Items listed in a dataset

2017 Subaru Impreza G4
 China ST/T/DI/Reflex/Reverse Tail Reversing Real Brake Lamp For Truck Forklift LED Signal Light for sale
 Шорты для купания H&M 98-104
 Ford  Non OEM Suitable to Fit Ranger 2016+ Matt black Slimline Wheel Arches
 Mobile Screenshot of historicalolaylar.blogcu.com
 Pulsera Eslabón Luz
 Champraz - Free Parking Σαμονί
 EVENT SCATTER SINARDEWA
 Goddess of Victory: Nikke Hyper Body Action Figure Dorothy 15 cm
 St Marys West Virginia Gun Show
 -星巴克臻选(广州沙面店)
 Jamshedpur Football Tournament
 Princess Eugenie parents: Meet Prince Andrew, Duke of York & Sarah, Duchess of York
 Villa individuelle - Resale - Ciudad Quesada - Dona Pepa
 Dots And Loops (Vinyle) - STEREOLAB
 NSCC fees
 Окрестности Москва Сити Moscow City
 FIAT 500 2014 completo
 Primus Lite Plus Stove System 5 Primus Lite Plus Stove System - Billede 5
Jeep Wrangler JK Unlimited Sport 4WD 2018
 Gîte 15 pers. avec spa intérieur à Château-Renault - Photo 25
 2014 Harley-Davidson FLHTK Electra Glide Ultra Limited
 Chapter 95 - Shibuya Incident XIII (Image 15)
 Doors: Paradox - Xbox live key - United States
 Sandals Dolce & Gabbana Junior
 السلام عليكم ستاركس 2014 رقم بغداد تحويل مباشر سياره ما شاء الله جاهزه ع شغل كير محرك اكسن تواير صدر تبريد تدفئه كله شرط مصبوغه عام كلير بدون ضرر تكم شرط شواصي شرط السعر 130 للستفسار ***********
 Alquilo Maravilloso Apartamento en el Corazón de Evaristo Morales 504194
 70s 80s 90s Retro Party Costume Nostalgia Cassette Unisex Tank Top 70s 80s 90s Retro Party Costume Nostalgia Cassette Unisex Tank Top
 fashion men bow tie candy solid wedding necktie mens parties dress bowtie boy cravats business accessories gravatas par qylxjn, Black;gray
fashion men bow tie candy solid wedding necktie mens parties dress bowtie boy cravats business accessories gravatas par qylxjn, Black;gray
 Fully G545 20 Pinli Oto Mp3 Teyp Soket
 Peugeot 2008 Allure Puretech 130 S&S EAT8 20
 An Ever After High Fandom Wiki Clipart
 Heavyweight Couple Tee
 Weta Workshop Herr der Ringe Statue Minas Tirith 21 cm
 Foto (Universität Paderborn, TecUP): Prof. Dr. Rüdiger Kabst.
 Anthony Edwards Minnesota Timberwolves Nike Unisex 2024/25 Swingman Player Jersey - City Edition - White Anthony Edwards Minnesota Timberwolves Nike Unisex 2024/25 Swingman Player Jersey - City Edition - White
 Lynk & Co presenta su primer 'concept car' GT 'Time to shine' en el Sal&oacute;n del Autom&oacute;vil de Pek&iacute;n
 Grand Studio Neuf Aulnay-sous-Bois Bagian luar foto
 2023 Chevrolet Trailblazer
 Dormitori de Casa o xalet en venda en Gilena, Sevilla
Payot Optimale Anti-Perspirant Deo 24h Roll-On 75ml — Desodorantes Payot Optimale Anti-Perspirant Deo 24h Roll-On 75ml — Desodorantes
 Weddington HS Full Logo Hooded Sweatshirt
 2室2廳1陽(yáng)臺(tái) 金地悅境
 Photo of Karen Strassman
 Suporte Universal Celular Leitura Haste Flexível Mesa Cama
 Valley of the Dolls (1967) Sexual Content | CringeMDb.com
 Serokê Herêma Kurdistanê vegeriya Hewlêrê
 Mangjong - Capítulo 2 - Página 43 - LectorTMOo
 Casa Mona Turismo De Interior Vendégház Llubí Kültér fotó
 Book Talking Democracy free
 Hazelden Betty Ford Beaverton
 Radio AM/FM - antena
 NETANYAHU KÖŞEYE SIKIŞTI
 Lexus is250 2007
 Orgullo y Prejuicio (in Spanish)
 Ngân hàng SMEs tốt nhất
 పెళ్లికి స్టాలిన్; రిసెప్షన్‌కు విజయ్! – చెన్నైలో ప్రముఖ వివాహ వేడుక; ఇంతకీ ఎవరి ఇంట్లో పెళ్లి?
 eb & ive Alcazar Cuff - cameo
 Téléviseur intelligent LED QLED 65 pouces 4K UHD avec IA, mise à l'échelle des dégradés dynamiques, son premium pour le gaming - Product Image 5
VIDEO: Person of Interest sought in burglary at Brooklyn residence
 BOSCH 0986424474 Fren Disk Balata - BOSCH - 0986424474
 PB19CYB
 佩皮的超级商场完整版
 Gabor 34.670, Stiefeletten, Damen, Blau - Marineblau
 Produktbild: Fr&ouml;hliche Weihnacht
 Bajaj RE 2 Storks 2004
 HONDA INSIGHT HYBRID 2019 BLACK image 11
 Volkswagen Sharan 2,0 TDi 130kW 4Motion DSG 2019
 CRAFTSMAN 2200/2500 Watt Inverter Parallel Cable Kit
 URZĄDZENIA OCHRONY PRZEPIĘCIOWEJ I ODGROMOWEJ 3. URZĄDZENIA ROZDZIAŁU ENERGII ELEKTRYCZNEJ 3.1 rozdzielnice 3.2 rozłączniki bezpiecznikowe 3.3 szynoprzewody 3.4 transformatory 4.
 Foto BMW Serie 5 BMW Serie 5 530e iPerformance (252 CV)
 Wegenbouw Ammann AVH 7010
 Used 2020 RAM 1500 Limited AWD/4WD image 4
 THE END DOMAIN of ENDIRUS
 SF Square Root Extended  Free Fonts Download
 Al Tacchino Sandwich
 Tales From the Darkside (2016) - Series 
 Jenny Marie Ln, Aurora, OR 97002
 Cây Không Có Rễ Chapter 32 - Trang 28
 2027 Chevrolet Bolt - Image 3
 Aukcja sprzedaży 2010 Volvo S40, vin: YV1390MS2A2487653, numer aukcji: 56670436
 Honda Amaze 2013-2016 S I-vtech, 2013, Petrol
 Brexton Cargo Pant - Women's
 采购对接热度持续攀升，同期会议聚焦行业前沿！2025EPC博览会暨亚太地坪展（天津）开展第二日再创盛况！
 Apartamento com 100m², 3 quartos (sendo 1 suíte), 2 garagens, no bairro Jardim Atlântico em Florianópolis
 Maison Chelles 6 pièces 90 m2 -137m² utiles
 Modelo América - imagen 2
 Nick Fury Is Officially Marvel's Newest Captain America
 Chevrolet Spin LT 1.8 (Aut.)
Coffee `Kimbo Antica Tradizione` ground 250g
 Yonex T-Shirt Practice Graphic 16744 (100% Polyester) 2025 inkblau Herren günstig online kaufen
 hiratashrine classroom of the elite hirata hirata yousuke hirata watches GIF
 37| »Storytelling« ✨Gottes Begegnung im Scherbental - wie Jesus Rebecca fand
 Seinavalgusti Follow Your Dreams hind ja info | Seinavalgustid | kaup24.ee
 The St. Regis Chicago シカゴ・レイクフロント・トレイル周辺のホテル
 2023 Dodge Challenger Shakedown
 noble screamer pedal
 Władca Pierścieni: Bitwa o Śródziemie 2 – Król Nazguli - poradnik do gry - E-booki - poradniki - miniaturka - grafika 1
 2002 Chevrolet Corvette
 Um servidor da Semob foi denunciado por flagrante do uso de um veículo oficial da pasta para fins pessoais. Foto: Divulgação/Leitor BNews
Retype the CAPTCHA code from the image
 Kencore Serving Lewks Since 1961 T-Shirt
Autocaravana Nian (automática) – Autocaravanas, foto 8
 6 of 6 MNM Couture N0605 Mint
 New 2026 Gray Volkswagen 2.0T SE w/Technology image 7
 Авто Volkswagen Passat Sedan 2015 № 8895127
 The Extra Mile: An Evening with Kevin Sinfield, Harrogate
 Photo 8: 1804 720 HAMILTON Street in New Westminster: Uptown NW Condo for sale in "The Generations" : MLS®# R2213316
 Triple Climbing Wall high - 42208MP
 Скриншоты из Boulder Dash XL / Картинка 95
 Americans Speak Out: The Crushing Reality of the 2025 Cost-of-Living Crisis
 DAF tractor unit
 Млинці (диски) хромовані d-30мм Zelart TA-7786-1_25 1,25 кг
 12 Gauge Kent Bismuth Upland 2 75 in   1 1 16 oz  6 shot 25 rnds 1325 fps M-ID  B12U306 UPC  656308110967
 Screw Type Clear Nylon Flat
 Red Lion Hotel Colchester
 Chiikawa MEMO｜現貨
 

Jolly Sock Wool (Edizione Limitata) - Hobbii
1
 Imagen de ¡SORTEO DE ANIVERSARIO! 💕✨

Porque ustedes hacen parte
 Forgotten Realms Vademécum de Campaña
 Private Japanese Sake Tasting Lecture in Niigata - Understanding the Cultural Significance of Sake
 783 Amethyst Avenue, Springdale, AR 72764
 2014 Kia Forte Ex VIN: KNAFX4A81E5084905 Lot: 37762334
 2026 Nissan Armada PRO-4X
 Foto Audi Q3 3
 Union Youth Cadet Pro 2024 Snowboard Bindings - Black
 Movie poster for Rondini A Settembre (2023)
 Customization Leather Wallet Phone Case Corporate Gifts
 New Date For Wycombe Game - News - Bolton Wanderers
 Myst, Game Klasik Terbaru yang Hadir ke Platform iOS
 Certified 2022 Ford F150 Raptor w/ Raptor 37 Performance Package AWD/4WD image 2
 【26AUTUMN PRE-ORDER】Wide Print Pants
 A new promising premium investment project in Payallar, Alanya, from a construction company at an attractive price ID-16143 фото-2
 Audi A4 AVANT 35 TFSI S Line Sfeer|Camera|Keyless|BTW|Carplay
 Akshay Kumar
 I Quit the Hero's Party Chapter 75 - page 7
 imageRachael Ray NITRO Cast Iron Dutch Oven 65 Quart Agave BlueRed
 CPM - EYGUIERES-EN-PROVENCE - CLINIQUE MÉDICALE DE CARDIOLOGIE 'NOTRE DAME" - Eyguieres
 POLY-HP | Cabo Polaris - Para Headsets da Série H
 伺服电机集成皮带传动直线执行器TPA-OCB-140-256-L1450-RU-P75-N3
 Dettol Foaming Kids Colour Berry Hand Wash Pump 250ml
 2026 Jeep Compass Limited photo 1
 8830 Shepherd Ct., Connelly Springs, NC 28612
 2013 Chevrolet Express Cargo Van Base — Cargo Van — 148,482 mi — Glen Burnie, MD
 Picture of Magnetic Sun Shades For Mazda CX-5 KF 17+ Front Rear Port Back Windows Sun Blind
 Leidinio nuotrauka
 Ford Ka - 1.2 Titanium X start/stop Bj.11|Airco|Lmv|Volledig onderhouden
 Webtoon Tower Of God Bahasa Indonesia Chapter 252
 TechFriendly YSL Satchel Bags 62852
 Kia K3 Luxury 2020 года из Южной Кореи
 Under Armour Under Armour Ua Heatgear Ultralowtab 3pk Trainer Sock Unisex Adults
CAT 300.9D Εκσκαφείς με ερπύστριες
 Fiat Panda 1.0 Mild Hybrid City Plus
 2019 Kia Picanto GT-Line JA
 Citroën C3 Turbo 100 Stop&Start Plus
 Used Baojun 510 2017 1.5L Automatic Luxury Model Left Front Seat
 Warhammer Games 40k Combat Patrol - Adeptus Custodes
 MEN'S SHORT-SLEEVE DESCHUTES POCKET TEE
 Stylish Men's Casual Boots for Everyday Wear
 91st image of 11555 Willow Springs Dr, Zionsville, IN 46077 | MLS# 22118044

**WHAT THE TASK REQUIRES:**
What you give back should be exactly the lines of the data above from the line with "2026 Nissan Armada PRO-4X" through the line with "Certified 2022 Ford", both of those included, and nothing more.

**TASK RESPONSE:**
 2026 Nissan Armada PRO-4X
 Foto Audi Q3 3
 Union Youth Cadet Pro 2024 Snowboard Bindings - Black
 Movie poster for Rondini A Settembre (2023)
 Customization Leather Wallet Phone Case Corporate Gifts
 New Date For Wycombe Game - News - Bolton Wanderers
 Myst, Game Klasik Terbaru yang Hadir ke Platform iOS
 Certified 2022 Ford F150 Raptor w/ Raptor 37 Performance Package AWD/4WD image 2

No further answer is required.